• Data shown:

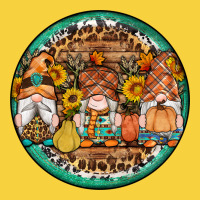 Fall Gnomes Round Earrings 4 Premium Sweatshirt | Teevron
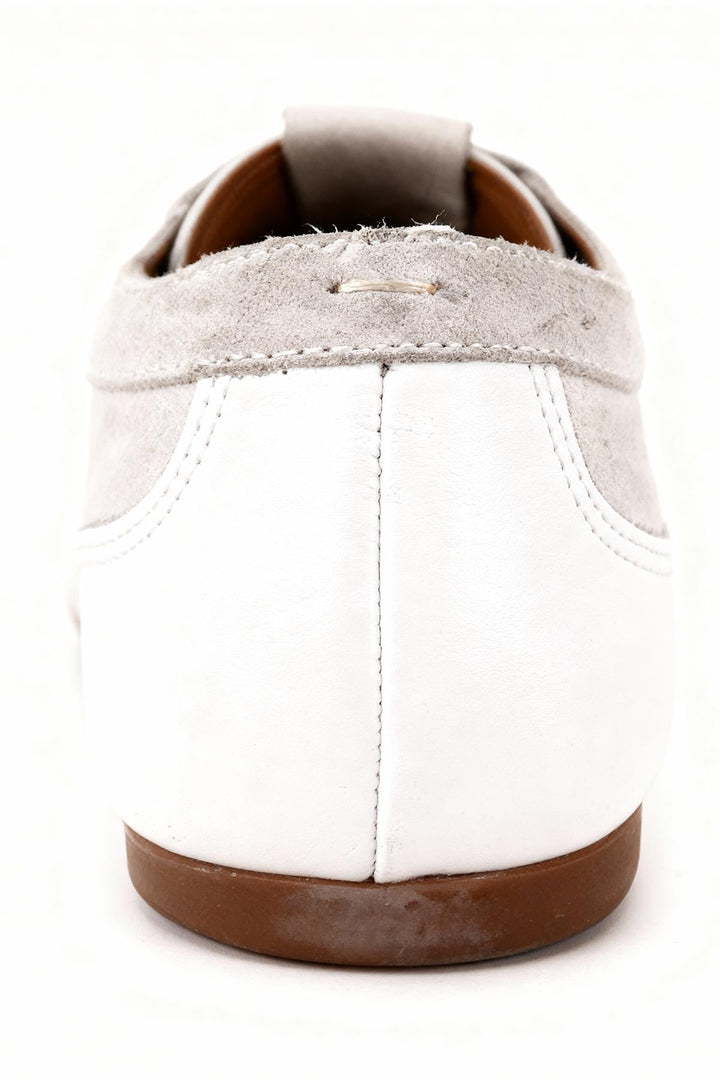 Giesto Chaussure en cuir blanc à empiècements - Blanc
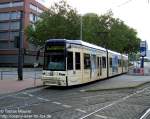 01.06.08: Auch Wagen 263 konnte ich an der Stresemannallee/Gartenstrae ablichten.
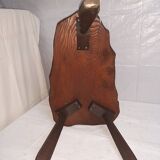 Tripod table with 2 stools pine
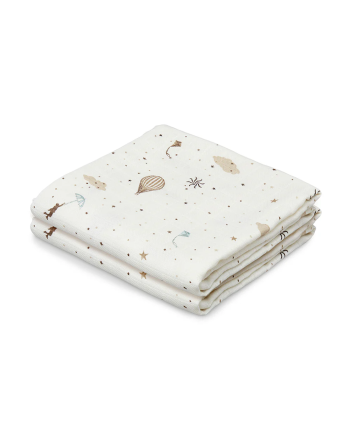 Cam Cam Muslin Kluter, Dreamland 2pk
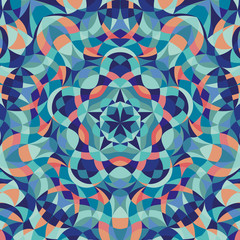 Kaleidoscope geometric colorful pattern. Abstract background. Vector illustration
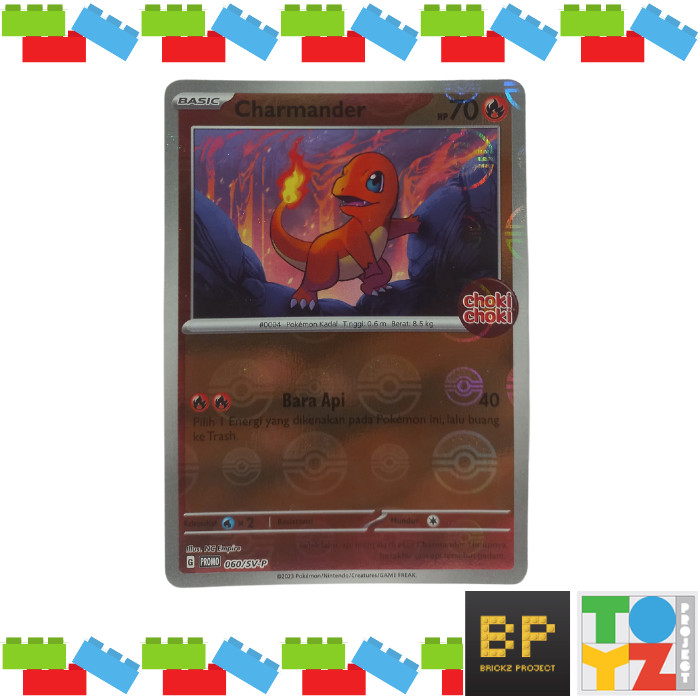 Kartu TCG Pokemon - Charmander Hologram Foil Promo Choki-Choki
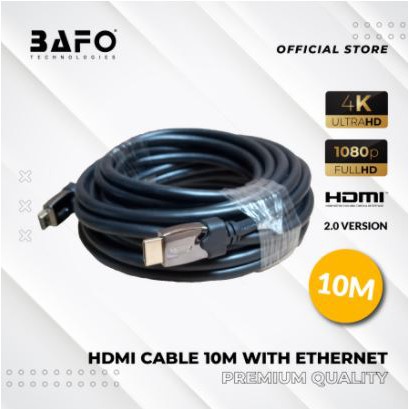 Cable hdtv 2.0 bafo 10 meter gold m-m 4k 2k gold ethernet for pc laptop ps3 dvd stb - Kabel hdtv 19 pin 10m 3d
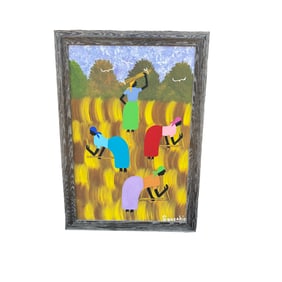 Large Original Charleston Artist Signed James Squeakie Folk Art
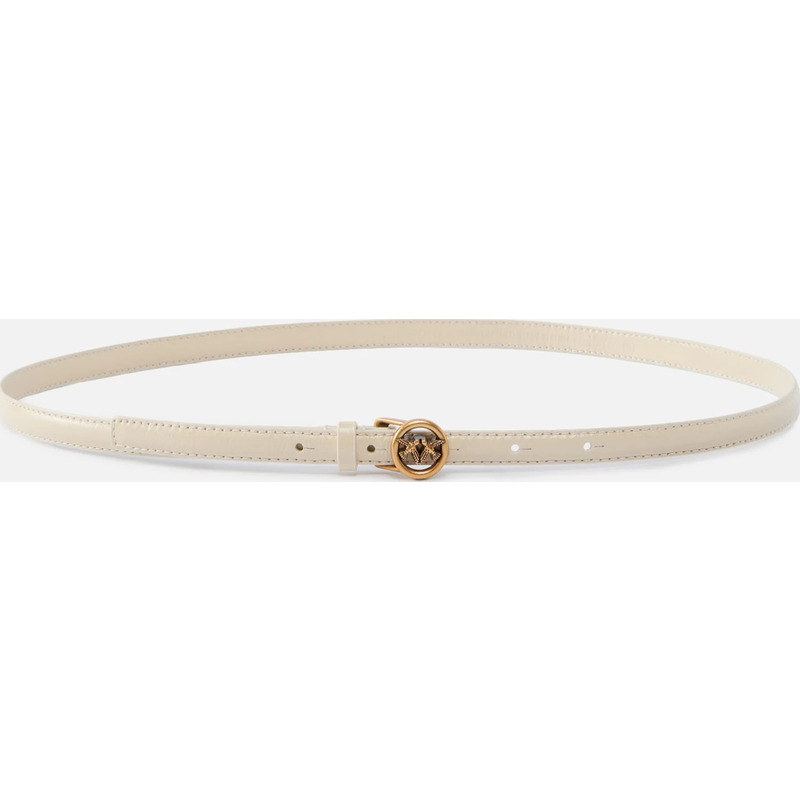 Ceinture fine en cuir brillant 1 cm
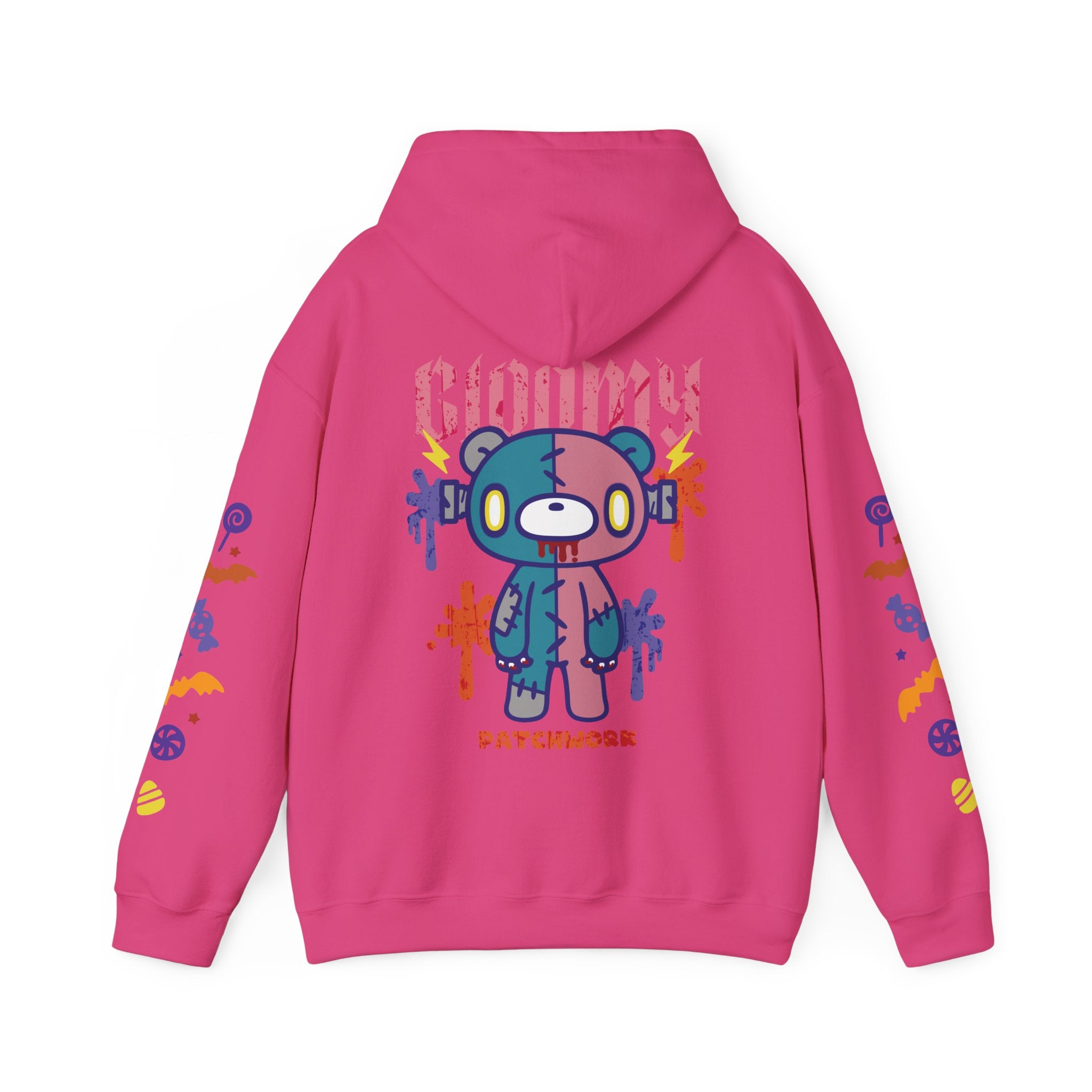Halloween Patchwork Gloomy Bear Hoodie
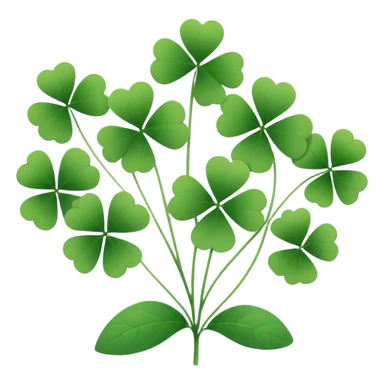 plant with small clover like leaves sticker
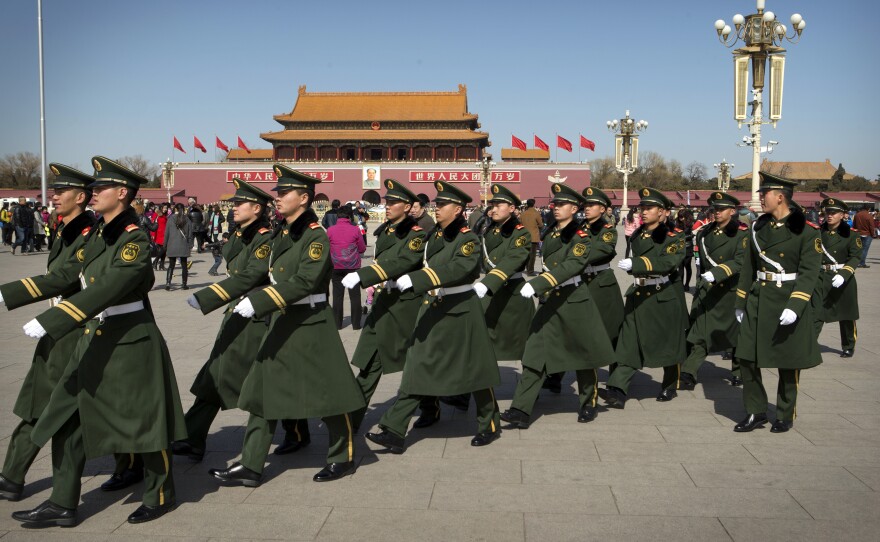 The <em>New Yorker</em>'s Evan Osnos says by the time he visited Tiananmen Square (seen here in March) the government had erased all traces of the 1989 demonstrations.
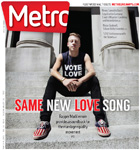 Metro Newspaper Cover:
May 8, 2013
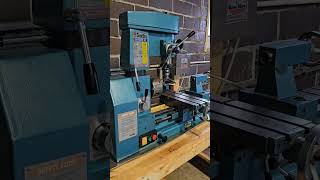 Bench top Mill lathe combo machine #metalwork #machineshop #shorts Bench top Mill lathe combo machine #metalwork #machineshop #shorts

• What you will do:
From the line containing "Tripod table with 2 stools pine" down to the final line of the material, restate every line word for word, and only those; drop the pictures.

• Result:
 Tripod table with 2 stools pine
 Cam Cam Muslin Kluter, Dreamland 2pk
 Kaleidoscope geometric colorful pattern. Abstract background. Vector illustration
 Kartu TCG Pokemon - Charmander Hologram Foil Promo Choki-Choki
 Cable hdtv 2.0 bafo 10 meter gold m-m 4k 2k gold ethernet for pc laptop ps3 dvd stb - Kabel hdtv 19 pin 10m 3d
 Large Original Charleston Artist Signed James Squeakie Folk Art
 Ceinture fine en cuir brillant 1 cm
Halloween Patchwork Gloomy Bear Hoodie
 plant with small clover like leaves sticker
 The <em>New Yorker</em>'s Evan Osnos says by the time he visited Tiananmen Square (seen here in March) the government had erased all traces of the 1989 demonstrations.
 Metro Newspaper Cover:
May 8, 2013
 Bench top Mill lathe combo machine #metalwork #machineshop #shorts Bench top Mill lathe combo machine #metalwork #machineshop #shorts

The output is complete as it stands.